Brick-and-mortar bookstores and the physical, printed books they sell may be (choose your verb) challenged, endangered or threatened by online vendors and e-books. But if they are going down, they are not going down unloved and uncelebrated.
A spate of new books celebrate bookstores and books themselves.
In "My Bookstore: Writers Celebrate Their Favorite Places to Browse, Read, and Shop" (Black Dog & Leventhal Publishers, $23.95), more than 80 writers, including some big names, celebrate their local bookstores.
"I'm old-fashioned. I believe that one should have a personal doctor, a dentist, a hairdresser and, of course, a trusted bookstore," Isabel Allende writes of her store, Book Passage in Corte Madera, Calif.
John Grisham praises That Bookstore in Blytheville, Ark., one of the few stores to sell his first novel when he was an unknown writer. Henry Louis Gates Jr. confesses to losing count of the number of books he's purchased at his local shop, the Harvard Book Store in Cambridge, Mass.
Milwaukee novelist Liam Callanan tells a sweet tale of how Daniel Goldin, the owner of Boswell Book Company, opened the store early so Callanan's 3-year-old daughter, who didn't yet grasp the concept of store hours, could get a book.
"My Bookstore" also inadvertently reflects the fragility of the bookstore world: It includes a piece by writer Lesley Kagen about Next Chapter Bookshop in Mequon, Wis., which closed not long ago.
"Read This! Handpicked Favorites From America's Favorite Bookstores" (Coffee House Press, $12) grew out of a series of blog posts by Hans Weyandt, co-owner of Micawber Books in St.

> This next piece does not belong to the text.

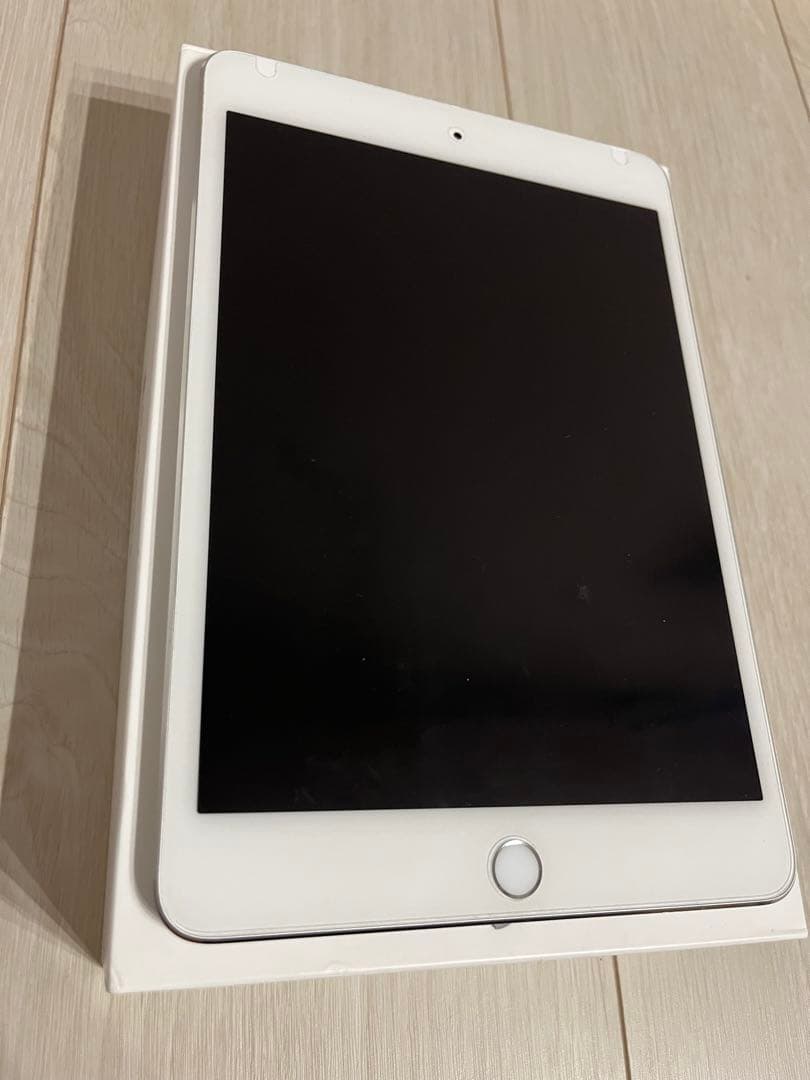 Apple iPad mini4 Wi-Fiモデル 32GB シルバー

Paul, Minn. Weyandt asked independent booksellers from around the country for personal recommendations: "Name 50 books you love or love to pass on to other readers."
Royalties from "Read This!" will go to the American Booksellers Foundation for Free Expression.

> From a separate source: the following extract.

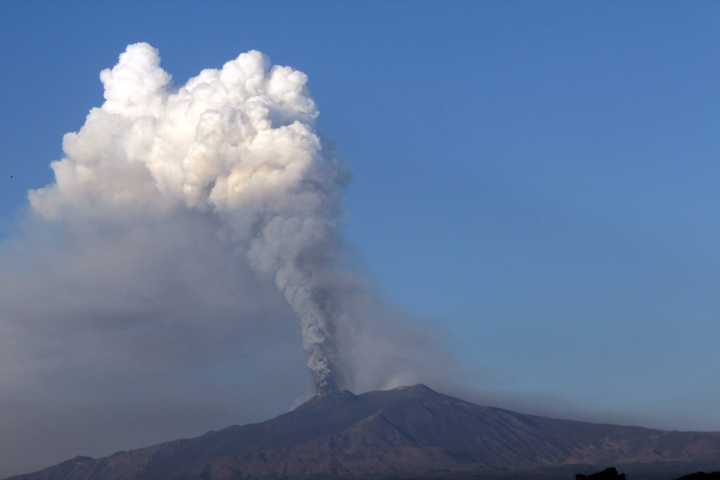 Volcán Etna entra nuevamente en erupción y pone en alerta a los habitantes de la isla italiana de Sicilia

Jen Campbell's "Weird Things Customers Say in Bookstores" (Overlook Press, $15) also grew out of a blog. London writer and bookseller Campbell collected anecdotes from other booksellers of the hilarious and occasionally stupefying interactions they've had with customers. For example, consider the customer who walked into a store and said: "I'm looking for some books on my kid's summer reading list. Do you have Tequila Mockingbird?"

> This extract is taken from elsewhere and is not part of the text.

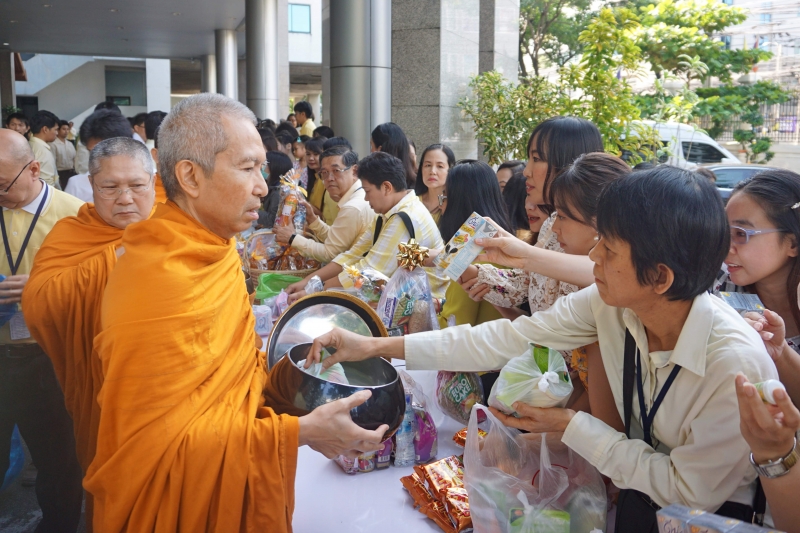  พิธีทำบุญตักบาตรข้าวสารอาหารแห้ง คณะสงฆ์จำนวน 9 รูป จากวัดบวรนิเวศวิหาร พระอารามหลวง เพื่อน้อมอุทิศถวายเป็นพระราชกุศลแด่  พระบา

Lanora Haradon, owner of the lamentedly closed Next Chapter Bookshop, contributed this anecdote:
Bookseller: Can I help you find anything?
Customer: Yes. Where are your books with words?
In "The Books They Gave Me: True Stories of Life, Love, and Lit" (Free Press, $19.99), blogger Jen Adams collected tales from readers of the books (that would be physical books, mind you) they were given by or to friends, lovers and in-betweeners. The contributions in the book are not credited individually, alas, so we don't know which New Yorker gave her now-former Irish expat beau Patti Smith's "Just Kids," though we do know after reading the entry that he neither deserved the book nor her!
"My Ideal Bookshelf" (Little, Brown, $24.99) from editor Thessaly La Force and artist Jane Mount is not about the shelves but the books on them. They asked each of the well-known writers, musicians and cultural gadabouts included to select a small handful of books they love that would go on a special display shelf.
This is also the most beautiful book in today's roundup, as Mount has painted an illustration of the selected books nestled together for each of the entries.
Judd Apatow's shelf looks and reads like the books this filmmaker might read, with works by comedian-writers Albert Brooks and Steve Martin; literary fiction by Saul Bellow, F. Scott Fitzgerald and Dan Chaon; Crystal Zevon's oral history of the late, great Warren Zevon; and Pema Chodron's book of Buddhist wisdom, "When Things Fall Apart."
Novelist Michael Chabon's bookshelf reflects his passion for merging literary and genre fiction, not to mention his love of humor. Proust sits next to Frank Herbert's "Dune"; David Mitchell's "Cloud Atlas" snuggles up with Sherlock Holmes.
"My Ideal Bookshelf" doesn't include Joe Queenan, perhaps because this cranky critic, columnist, essayist and writer (quaintly described in the press material as "humorist") would need a whole book full of painted bookshelves to represent the ones that matter to him. (In a recent Wall Street Journal piece, he copped to reading at least 6,128 books so far.)
Queenan's "One for the Books" (Viking, $24.95) is his reader's memoir of a lifelong passion for reading, with more than a touch of jeremiad about the state of today's book world.